* [DATA FOR ANALYSIS]
Segment Open

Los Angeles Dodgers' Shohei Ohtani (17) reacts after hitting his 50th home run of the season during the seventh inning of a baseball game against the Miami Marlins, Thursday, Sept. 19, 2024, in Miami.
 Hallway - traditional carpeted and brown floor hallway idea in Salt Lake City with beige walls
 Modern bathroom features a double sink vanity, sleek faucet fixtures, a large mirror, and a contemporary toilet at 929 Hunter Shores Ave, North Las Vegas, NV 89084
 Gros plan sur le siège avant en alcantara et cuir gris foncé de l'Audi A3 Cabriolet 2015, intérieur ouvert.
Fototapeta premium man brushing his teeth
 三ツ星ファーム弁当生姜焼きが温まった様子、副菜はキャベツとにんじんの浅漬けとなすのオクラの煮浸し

Segment Closed

* [TASK PROMPT] Set down an exact copy of the entries above.

* [RESPONSE TO THIS EXERCISE]
Los Angeles Dodgers' Shohei Ohtani (17) reacts after hitting his 50th home run of the season during the seventh inning of a baseball game against the Miami Marlins, Thursday, Sept. 19, 2024, in Miami.
 Hallway - traditional carpeted and brown floor hallway idea in Salt Lake City with beige walls
 Modern bathroom features a double sink vanity, sleek faucet fixtures, a large mirror, and a contemporary toilet at 929 Hunter Shores Ave, North Las Vegas, NV 89084
 Gros plan sur le siège avant en alcantara et cuir gris foncé de l'Audi A3 Cabriolet 2015, intérieur ouvert.
Fototapeta premium man brushing his teeth
 三ツ星ファーム弁当生姜焼きが温まった様子、副菜はキャベツとにんじんの浅漬けとなすのオクラの煮浸し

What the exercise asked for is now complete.